All lines from the one that contains "2024年3月荣威科莱威CLEVER销量数据发布 共卖了182台" to the end of the data must be retyped exactly. Pictures are not retyped.

[[ Material supplied, beginning ]]

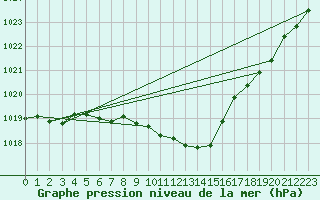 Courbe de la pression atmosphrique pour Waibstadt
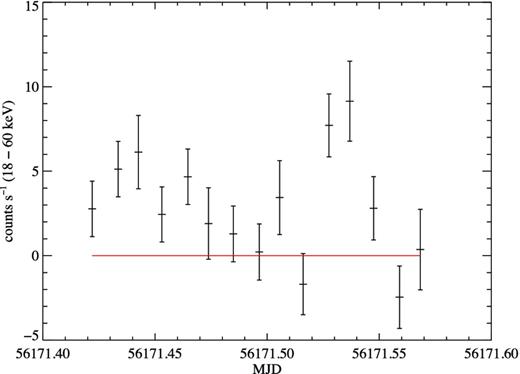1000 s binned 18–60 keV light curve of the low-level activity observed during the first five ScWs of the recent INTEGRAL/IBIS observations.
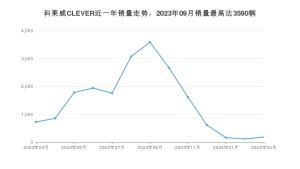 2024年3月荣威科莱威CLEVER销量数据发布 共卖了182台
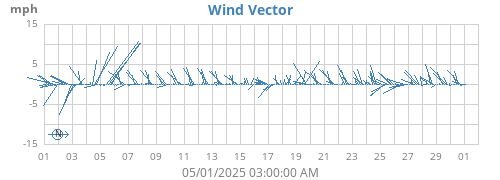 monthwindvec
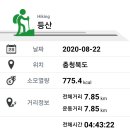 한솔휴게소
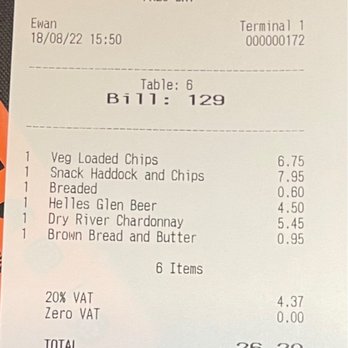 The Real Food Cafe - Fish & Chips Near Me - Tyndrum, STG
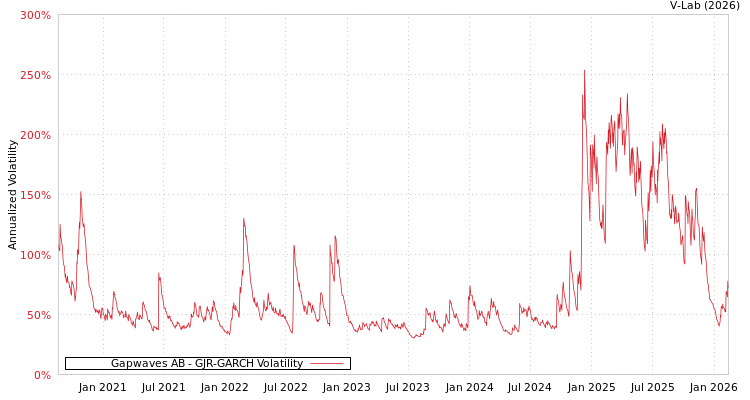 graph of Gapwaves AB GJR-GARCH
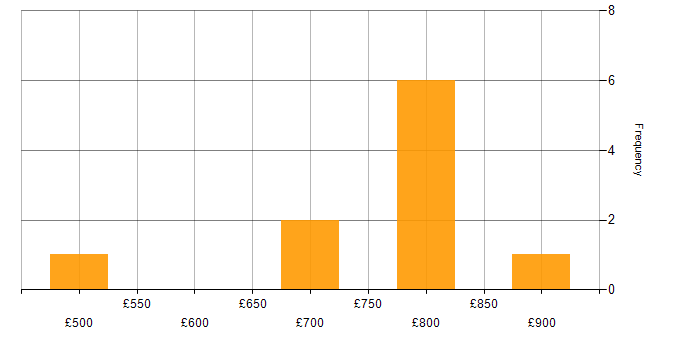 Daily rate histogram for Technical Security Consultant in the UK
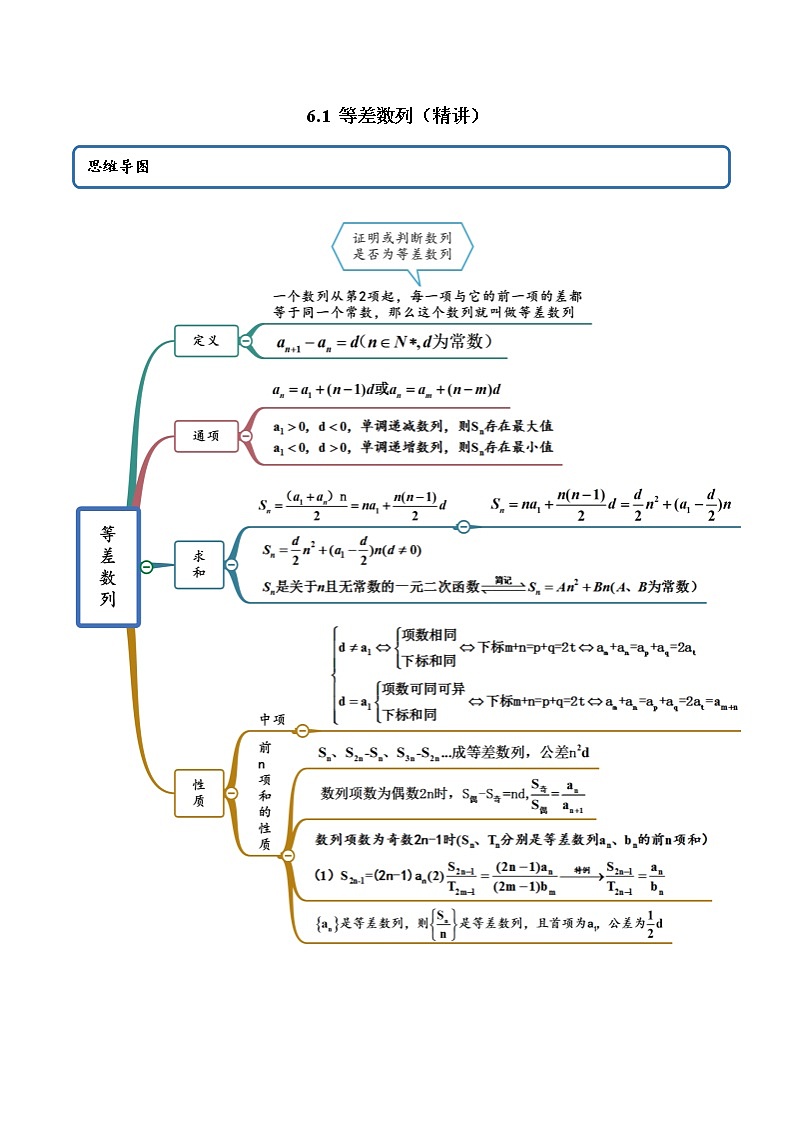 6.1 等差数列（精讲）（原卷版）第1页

[[ Material supplied, end ]]

= Exercise solution =
 2024年3月荣威科莱威CLEVER销量数据发布 共卖了182台
 monthwindvec
 한솔휴게소
 The Real Food Cafe - Fish & Chips Near Me - Tyndrum, STG
 graph of Gapwaves AB GJR-GARCH
 Daily rate histogram for Technical Security Consultant in the UK
 6.1 等差数列（精讲）（原卷版）第1页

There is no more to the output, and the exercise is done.